10-Year Glory: President demonstrates unique charm of Chinese leader
At the gate of Liljana Arsovska’s yard, there hang a pair of red Chinese couplets.
“Every year my Chinese friends send me couplets, which is a bond between me and China,” said the renowned China expert from Mexico, who has served for times as the chief Chinese-Mexican interpreter for Mexican Presidents.
Liljana Arsovska
Arsovska was a simultaneous interpreter for the Mexican side when then Chinese Vice President Xi Jinping paid a visit to Mexico in February 2009.
“It was my first time doing simultaneous interpretation for such high-level officials. I was nervous but proud,” Arsovska said in a recent interview with People’s Daily.
“The confidence and humility of the Chinese leader have left a deep impression on the Mexicans,” she said.
Four years later, Xi, as the President of China, paid a state visit to Mexico, and Arsovska once again served as an interpreter.
She told People’s Daily that in a speech President Xi delivered to the Senate of Mexico, the Chinese President said he was a soccer fan and it brought himself much closer to the Mexican people.
She said she was sitting in an interpretation booth less than 50 meters away from Xi, and her excitement made her subconsciously raise the pitch of her speech. The loud voice of her coming out of the speakers even startled herself, she recalled.
Later, Arsovska went for accompanying interpretation for then Mexican President Enrique Pena Nieto. Xi asked her with a smile whether it was her speaking in the interpretation booth, and praised her Chinese after learning that both Spanish and Chinese were not the mother tongue of the woman who was born in former Yugoslavia.
Arsovska never thought that a state leader would have a direct conversation with her to learn her stories. “I was too nervous to answer him. It was after President Nieto reminded me that I told President Xi that I had studied in China,” she said.
She noted that President Xi was very amiable and always kept a smile when listening to her. “He respected my job, which touched me so much. What he said and did demonstrated to me the unique charm of a Chinese leader,” Arsovska said.
During the Eighth G20 Leaders’ Summit held in Sept. 2013 and Nieto’s visit to China in 2014, Arsovska met Xi again as a simultaneous interpreter.
It was out of her expectation that Xi recognized her and warmly greeted her. “My palms were sweating and my heart was warmed,” she recalled.
“This was an acknowledgement from President Xi, and it encouraged me so much,” Arsovska said.
Aerial photo taken on May 29, 2022 shows the scenery of Xiamen, a scenic city in southeast China’s Fujian Province. (People’s Daily Online/Xie Yingjun)
Arsovska has been paying close attention to China’s development over the years, and witnessed the constantly improving livelihood of the Chinese people under the leadership of the Communist Party of China (CPC).
“China is expanding opening up and pursuing common progress, and has lifted hundreds of millions of people out of poverty, which benefited the Chinese people,” Arsovska told People’s Daily.

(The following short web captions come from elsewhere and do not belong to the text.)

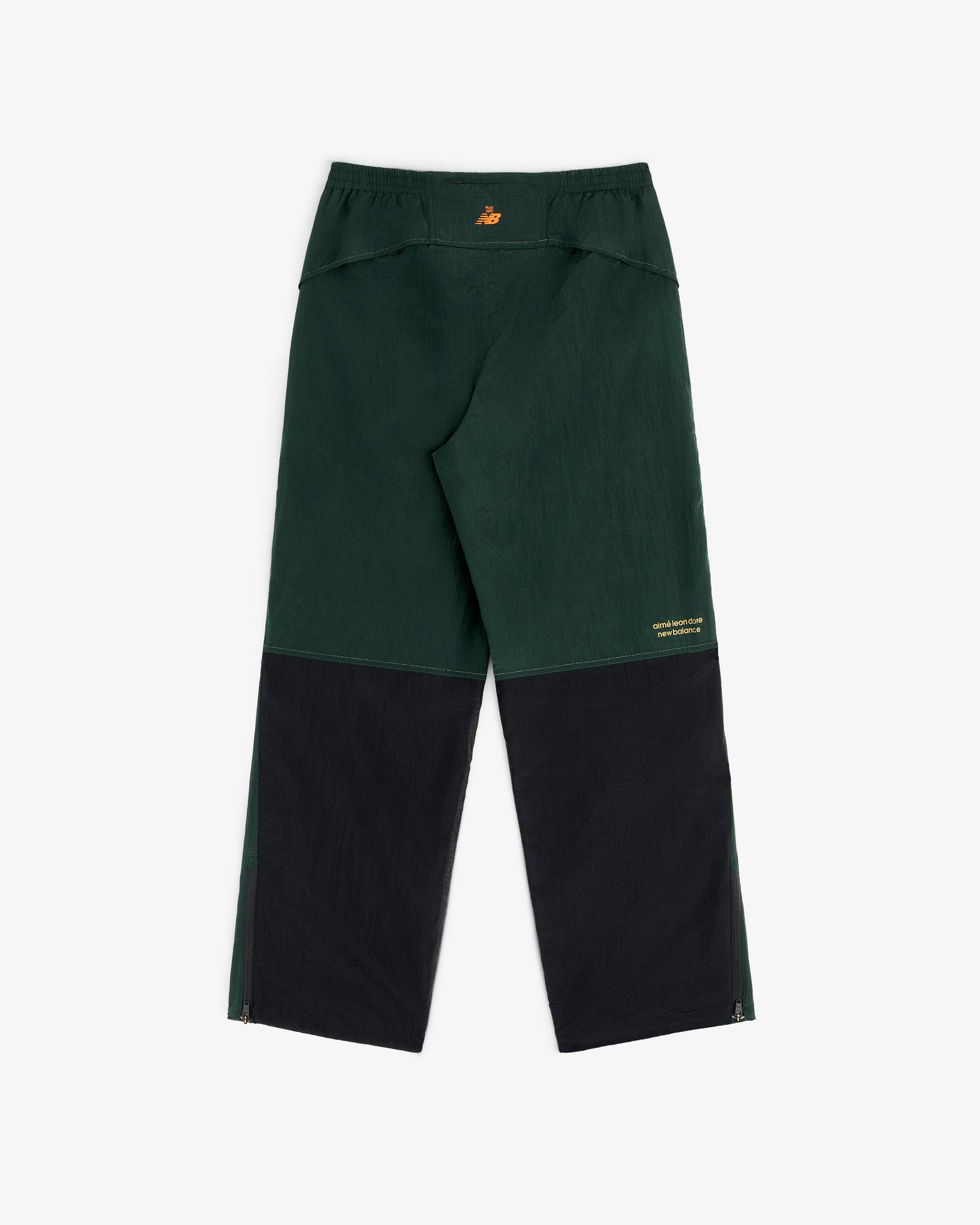ALD / New Balance Lightweight Nylon Warmup Pant in dark green/black with relaxed fit, zippered hems, yellow back logo.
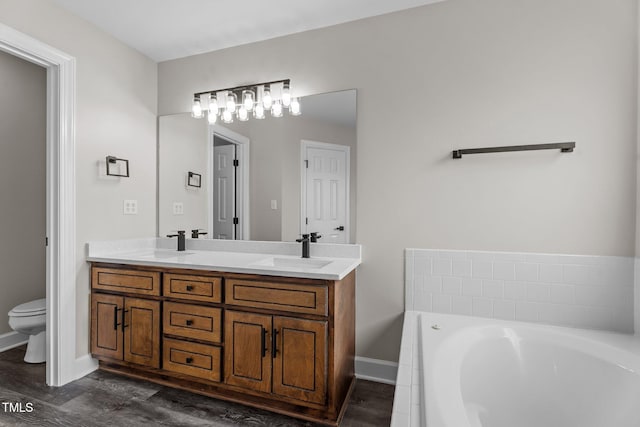 4408 Highmeadow Ln N, Wilson, NC 27896 - bathroom with double vanity, a garden tub, and wood finished floors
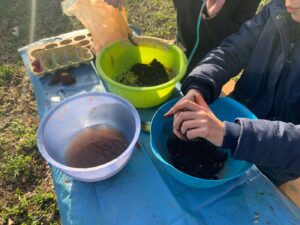 Kinderhände kneten Erde auf einem Tisch mit drei Schüsseln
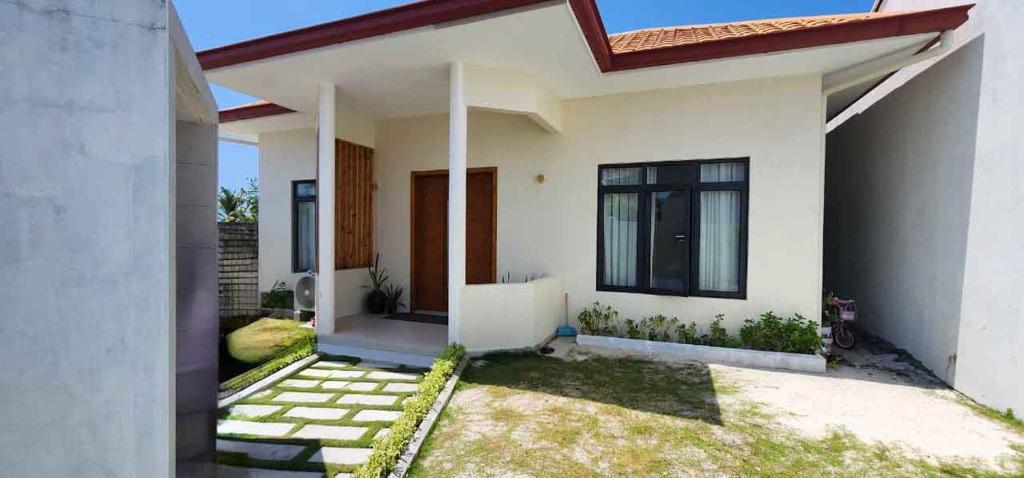 a white house with a pathway in front of it at Anona Beachfront Villa in Filadu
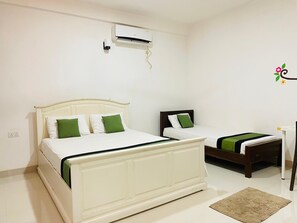 A bedroom with two beds, an air conditioning unit, a desk, and a small rug. - Seasons Villa (Inamaluwa)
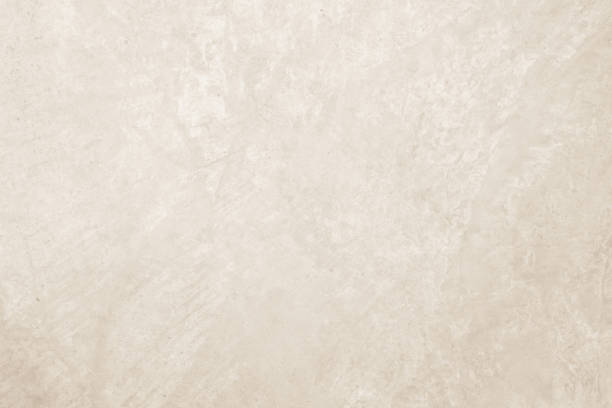 istock Colour old concrete wall texture background. Close up retro plain cream color cement wall background texture. Design paper vintage parchment element. 2204976254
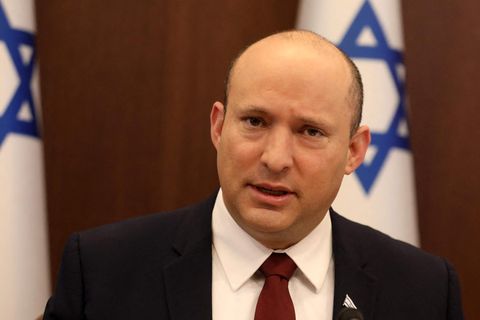 Ein weißer Mann mit Halbglatze und rundlichem Gesicht sitzt in Anzug und Krawatte vor zwei israelischen Flaggen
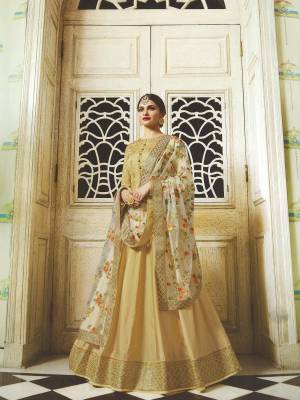 Grab This Designer Floor Length Suit In Golden Colored Top Paired With Golden Colored Bottom And Off-White Colored Dupatta. Its Top Is Fabricated OnArt Silk Which Gives A Rich Look To Your Personality Paired With Santoon Bottom And Net Fabricated  Heavy Embroidered Dupatta. Buy It Now.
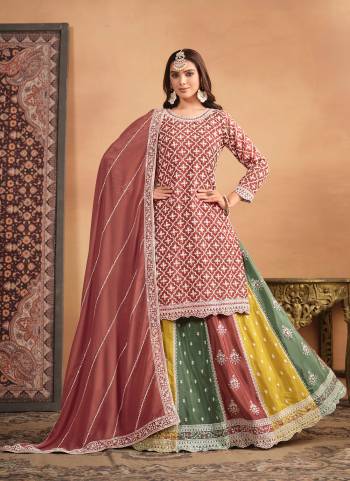 Looking These Designer Paty Wear Gharara Suit in Fine Colored Pair With Bottom And Dupatta.These Top And Dupatta Are Fabricated On Chinon Pair With Chinon Bottom.Its Beautified With Santoon Inner.Its Beautified With Heavy Designr Embroidery Work.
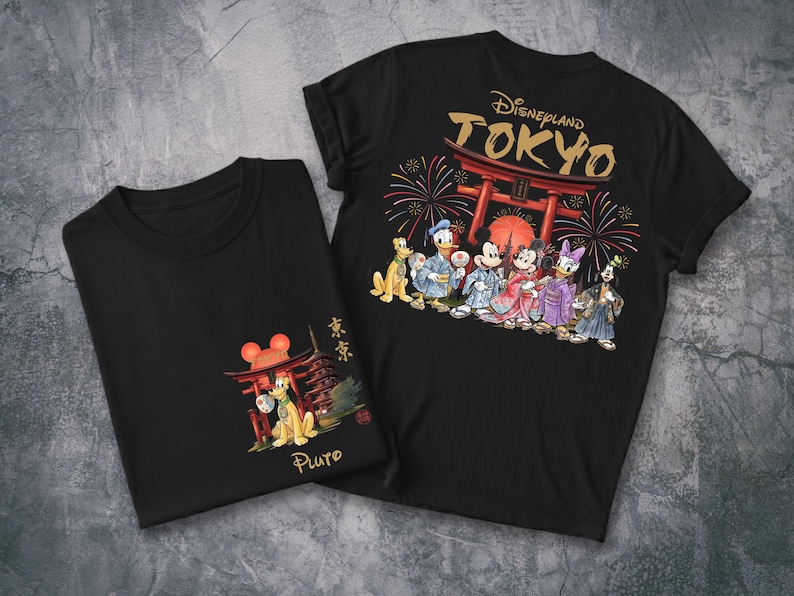 May include: Two black t-shirts featuring Disney characters in traditional Japanese attire. One shirt displays Pluto with a pagoda and the word "Pluto". The other shirt shows Mickey, Minnie, Donald, Daisy, and Goofy with "Disneyland TOKYO" and fireworks.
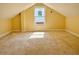 Large attic room with neutral carpeting, yellow walls and a window at 2437 N Decatur Rd, Decatur, GA 30033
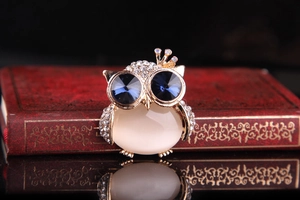 Macro shot of owl brooch with blue crystal eyes and opal belly on vintage red book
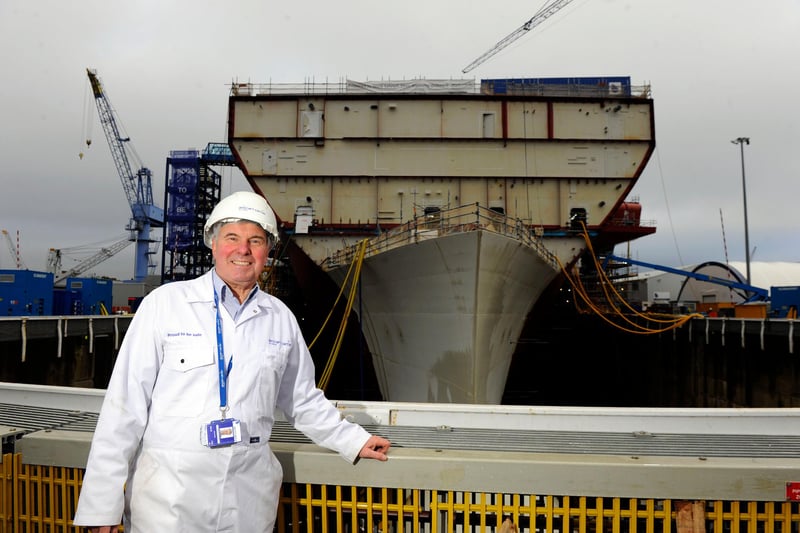Tom Gifford at the front HMS Queen Elizabeth in December 2012 - when the future Royal Navy flagship was starting to take shape. Picture: Allan Hutchings (123920-409)
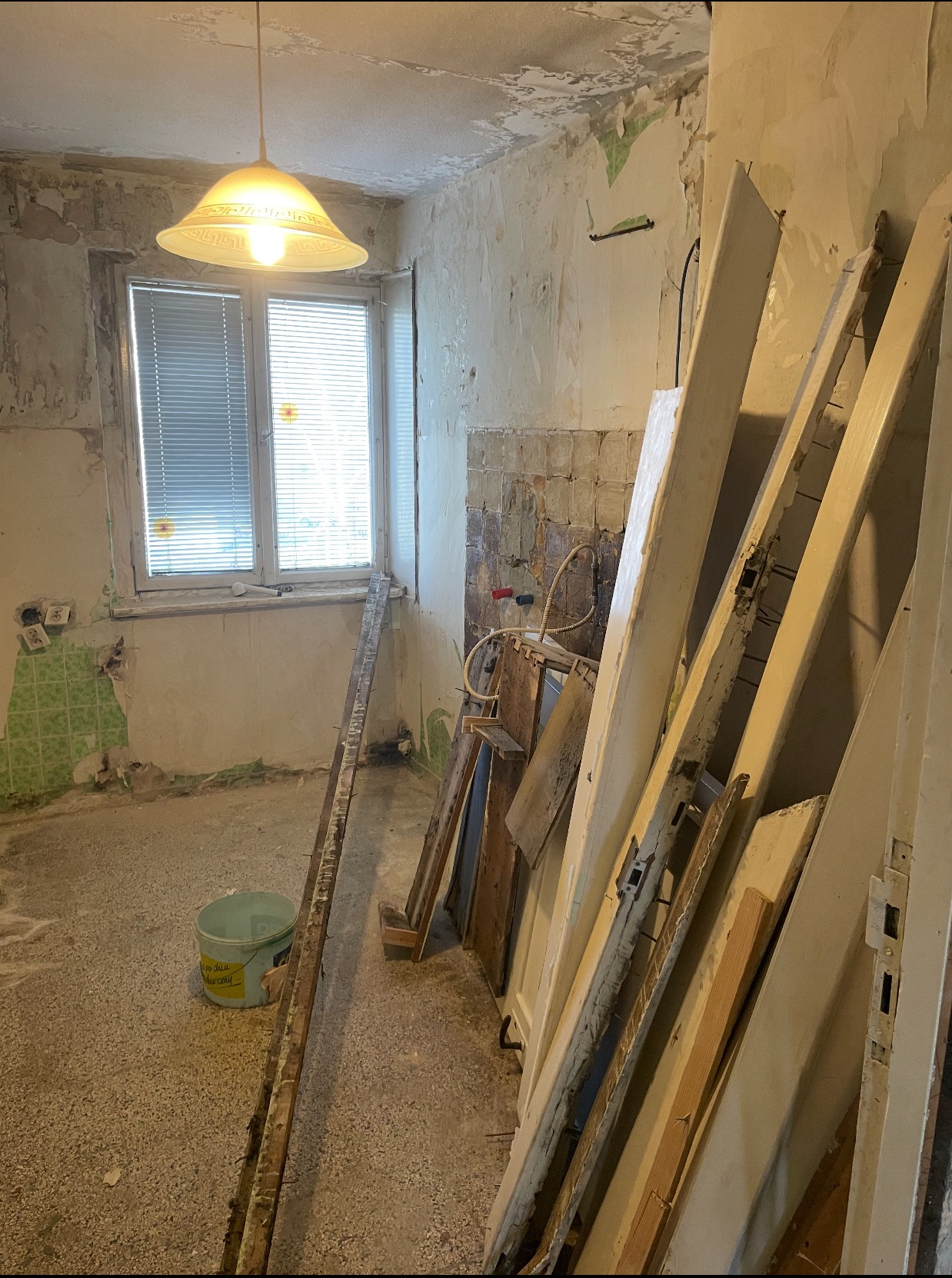 Pokój w trakcie remontu: zerwana tapeta, odsłonięte fragmenty starej glazury, przygotowane do malowania drewniane elementy, wiadro z farbą na podłodze.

She said China’s development has set an example for Mexico, such as the construction of rural public infrastructure and integrating rural population into economic and social development.
Today, Arsovska’s youngest son Ivan has finished his study in China and settled in the southeastern Chinese city of Xiamen.
“He told me that he would not go back to Mexico because the 21st century is a century for China,” she told People’s Daily.
Arsovska has always been committed to the study of Chinese culture and translation. She has translated and published a number of contemporary Chinese literature works. Besides, she compiled Latin America’s first Chinese grammar textbook for Spanish readers. In 2014, she was awarded the eighth Special Book Award of China.
“I hope I can make more Spanish readers feel the development of China in literature and nurture more professionals for the future development of Mexico-China exchanges,” she said.
She hopes that China and Latin American countries, including Mexico, could further enhance their communication and cooperation and share with each other development experiences, so as to promote common development of more developing countries.